I have read some more, this time the fiq changes for the usb fixes. I am reading here https://github.com/raspberrypi/linux/commit/f010d94155524454e2d5a9463ad6ca2b4fb81a2e

It looks more like every irq has an fiq counterpart at least it does if I'm reading the #defines correctly.

+#define FIQ_GPIO0 (FIQ_START+INTERRUPT_GPIO0)
+#define FIQ_GPIO1 (FIQ_START+INTERRUPT_GPIO1)
+#define FIQ_GPIO2 (FIQ_START+INTERRUPT_GPIO2)
+#define FIQ_GPIO3 (FIQ_START+INTERRUPT_GPIO3)

So now I'm thinking that the BCM datasheet is wrong, and that like a lot of other ARM cores out there you can mix and match your irq / fiq choices..

I've only been seriously trying to use "c" and "c++" for about a month or two and this usb code is looking like a *scary monster*. Not even sure the kernel I'm running on my pi has the fixes in it for the usb, might need to compile one to make sure I have as much fiq support code in place as I can....

software interrupts in Pi linux use a workaround by polling the "edge detection" registers on the SoC.

This is not how I understand it. On page 113 of the BCM2835-ARM-Peripherals.pdf You can see that an irq is allocated to each "bank" of gpio pins. ( irq numbers 49-52 inclusive )
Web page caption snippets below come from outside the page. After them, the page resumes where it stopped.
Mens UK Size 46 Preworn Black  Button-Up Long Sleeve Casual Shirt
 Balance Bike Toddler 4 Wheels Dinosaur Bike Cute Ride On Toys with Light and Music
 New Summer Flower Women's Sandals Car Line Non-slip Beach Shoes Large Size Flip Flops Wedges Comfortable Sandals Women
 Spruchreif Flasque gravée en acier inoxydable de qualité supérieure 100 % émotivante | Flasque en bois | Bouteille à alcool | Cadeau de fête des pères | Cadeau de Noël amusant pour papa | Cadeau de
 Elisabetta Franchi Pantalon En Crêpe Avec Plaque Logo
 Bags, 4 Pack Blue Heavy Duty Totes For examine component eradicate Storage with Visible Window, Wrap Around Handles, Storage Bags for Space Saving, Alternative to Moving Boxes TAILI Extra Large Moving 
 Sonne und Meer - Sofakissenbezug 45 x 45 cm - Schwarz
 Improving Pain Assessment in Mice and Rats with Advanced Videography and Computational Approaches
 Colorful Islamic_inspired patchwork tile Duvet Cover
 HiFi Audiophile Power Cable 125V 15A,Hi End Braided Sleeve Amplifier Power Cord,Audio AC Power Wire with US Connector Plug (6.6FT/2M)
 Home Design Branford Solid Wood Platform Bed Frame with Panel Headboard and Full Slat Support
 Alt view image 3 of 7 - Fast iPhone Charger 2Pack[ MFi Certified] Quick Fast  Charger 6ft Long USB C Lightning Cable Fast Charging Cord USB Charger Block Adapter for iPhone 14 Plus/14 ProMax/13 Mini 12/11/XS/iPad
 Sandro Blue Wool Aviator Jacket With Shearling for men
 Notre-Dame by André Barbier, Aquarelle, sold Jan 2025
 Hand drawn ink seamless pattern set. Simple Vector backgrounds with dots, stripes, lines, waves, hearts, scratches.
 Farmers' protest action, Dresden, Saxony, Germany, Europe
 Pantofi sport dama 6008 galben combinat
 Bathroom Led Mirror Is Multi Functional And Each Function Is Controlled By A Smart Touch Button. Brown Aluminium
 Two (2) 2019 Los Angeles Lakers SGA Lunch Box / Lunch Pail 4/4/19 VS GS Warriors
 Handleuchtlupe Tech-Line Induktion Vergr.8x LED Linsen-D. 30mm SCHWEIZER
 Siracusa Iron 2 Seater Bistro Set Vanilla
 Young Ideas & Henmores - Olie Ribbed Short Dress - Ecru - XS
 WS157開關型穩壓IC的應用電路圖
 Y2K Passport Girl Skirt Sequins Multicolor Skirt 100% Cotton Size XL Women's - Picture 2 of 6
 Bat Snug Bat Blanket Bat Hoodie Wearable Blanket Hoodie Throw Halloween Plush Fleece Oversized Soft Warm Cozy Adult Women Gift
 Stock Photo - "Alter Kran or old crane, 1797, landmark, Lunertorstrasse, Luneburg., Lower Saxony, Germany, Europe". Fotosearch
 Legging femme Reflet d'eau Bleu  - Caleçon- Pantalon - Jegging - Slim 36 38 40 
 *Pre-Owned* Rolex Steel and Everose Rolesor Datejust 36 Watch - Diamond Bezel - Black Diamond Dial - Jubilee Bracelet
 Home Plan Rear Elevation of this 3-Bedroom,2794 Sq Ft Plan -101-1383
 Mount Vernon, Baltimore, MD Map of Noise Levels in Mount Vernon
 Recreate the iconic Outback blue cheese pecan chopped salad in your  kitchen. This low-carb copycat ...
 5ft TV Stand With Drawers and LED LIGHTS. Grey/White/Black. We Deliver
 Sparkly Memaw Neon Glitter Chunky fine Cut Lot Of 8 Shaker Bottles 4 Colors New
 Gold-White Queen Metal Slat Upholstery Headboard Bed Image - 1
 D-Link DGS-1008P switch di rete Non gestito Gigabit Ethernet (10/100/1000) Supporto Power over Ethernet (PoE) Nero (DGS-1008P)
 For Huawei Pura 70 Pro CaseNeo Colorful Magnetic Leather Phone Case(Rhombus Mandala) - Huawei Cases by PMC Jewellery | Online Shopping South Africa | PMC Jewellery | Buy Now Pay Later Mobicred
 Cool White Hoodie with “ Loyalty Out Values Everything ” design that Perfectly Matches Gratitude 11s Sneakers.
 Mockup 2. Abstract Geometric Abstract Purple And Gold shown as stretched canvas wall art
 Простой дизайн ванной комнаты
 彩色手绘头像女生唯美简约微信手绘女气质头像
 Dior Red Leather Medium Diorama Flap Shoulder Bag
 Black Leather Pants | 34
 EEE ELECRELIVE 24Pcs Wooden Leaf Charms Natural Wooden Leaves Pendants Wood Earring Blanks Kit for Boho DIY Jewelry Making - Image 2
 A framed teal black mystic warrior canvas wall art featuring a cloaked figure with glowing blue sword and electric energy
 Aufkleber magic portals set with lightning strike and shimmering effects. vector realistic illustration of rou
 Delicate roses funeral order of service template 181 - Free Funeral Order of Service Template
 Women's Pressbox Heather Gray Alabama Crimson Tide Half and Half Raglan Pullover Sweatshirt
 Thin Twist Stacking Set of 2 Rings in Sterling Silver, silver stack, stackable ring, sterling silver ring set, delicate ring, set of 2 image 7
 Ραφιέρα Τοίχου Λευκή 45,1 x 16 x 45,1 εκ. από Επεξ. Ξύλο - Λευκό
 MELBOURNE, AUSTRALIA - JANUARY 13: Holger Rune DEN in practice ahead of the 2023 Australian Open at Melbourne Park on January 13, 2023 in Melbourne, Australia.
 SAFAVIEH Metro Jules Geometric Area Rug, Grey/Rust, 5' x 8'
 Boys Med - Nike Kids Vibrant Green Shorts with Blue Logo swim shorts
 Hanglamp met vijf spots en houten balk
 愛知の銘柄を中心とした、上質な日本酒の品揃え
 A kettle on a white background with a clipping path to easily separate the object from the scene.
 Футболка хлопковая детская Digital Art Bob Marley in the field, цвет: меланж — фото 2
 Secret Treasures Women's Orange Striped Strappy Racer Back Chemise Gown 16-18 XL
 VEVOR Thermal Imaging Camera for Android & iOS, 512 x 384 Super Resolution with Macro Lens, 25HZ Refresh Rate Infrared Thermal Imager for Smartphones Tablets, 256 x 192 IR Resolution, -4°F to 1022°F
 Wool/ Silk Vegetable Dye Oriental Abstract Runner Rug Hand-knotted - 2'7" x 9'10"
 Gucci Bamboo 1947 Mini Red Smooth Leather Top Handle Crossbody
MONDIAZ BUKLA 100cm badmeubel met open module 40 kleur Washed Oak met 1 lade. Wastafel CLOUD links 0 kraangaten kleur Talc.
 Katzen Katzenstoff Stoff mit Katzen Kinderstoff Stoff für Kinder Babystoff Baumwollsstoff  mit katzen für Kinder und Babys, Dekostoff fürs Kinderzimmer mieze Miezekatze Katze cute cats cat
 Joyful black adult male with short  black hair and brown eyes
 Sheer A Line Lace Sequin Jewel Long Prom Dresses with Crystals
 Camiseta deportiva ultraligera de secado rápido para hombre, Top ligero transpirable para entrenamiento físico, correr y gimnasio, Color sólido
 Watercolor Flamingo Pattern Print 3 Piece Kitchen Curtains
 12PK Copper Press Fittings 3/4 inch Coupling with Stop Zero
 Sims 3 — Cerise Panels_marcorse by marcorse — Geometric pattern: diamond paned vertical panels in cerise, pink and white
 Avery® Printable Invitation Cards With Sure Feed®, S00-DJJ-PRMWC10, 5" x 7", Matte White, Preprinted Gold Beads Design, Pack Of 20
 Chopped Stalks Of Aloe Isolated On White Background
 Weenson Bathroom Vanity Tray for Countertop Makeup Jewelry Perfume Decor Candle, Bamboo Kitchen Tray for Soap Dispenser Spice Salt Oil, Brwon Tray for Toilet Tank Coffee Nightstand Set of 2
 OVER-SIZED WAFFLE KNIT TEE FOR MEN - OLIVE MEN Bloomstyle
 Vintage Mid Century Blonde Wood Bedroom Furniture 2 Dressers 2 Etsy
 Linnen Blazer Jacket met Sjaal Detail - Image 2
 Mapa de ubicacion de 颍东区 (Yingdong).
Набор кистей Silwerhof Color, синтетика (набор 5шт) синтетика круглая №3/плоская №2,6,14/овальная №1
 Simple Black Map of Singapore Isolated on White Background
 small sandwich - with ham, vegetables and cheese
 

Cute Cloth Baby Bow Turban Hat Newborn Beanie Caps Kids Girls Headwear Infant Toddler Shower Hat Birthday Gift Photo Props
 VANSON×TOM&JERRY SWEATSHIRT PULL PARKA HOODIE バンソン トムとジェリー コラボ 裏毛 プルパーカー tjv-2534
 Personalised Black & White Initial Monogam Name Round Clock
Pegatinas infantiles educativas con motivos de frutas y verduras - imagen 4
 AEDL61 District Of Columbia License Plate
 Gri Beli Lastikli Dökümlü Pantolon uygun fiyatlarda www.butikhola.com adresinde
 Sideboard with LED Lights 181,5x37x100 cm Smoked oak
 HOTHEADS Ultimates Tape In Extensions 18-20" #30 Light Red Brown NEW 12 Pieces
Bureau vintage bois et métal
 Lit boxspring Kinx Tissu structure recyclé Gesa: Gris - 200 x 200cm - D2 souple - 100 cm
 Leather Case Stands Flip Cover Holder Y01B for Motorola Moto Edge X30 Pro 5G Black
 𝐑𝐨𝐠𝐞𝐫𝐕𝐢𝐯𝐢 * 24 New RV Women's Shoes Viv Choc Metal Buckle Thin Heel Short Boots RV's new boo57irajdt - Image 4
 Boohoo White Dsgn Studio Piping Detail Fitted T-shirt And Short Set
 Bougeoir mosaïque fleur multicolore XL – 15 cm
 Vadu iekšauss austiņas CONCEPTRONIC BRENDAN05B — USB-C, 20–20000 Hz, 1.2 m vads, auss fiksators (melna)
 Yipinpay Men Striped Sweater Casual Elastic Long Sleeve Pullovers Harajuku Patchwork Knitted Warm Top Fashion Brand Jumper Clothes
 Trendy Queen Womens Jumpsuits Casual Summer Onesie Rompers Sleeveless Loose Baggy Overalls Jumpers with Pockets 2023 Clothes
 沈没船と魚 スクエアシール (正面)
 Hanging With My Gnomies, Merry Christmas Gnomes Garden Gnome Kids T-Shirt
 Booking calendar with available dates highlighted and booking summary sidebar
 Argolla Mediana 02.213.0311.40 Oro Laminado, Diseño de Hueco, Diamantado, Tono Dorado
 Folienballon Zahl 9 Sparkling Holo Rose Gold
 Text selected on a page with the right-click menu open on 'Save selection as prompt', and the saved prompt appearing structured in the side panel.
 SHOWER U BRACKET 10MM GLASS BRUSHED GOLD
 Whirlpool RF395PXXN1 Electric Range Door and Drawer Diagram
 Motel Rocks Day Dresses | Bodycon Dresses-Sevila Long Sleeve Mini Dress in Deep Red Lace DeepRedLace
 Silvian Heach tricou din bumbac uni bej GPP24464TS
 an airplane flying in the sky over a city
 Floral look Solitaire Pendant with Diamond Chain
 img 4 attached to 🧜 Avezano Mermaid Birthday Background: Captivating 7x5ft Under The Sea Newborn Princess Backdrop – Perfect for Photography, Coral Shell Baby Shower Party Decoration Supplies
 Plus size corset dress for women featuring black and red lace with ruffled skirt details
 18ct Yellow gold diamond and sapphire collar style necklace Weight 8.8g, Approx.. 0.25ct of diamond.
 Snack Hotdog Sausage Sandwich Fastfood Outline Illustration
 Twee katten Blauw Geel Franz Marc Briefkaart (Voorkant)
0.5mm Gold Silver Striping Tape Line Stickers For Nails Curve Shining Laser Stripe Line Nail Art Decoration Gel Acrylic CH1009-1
Absolutely not. Edge detection uses hardware interrupts. The latency in switching context to the user task waiting for the event is rather high, but the jitter is much lower than could be produced by periodic polling. Anyway, this thread has already advanced to discuss servicing the interrupts entirely in kernel

Thanks for pointing me this part I miss ! still happy to learn something
I made bad assumptions reading GPIO registers pages and interrupt introduction
I already tried to find in the sources where the kernel write to /sys/class/gpio/gpioX/value to check
Do you know where ?

Thanks for pointing me this part I miss ! still happy to learn something
I made bad assumptions reading GPIO registers pages and interrupt introduction
I already tried to find in the sources where the kernel write to /sys/class/gpio/gpioX/value to check
Do you know where ?

I'm learning as well. You might find my kernel interrupt test code useful. You can find it here http://www.zen90294.zen.co.uk/kgpioitest.tar.gz

I'm learning as well. You might find my kernel interrupt test code useful. You can find it here http://www.zen90294.zen.co.uk/kgpioitest.tar.gz

For sure, thanks for sharing !
WebIOPi will definitely need interrupts when I'll replace HTTP repetitive polling with WebSockets and Long-Polling
But I don't want to use linux poll() on /sys/class/gpio/gpioX/value as I already use SoC registers.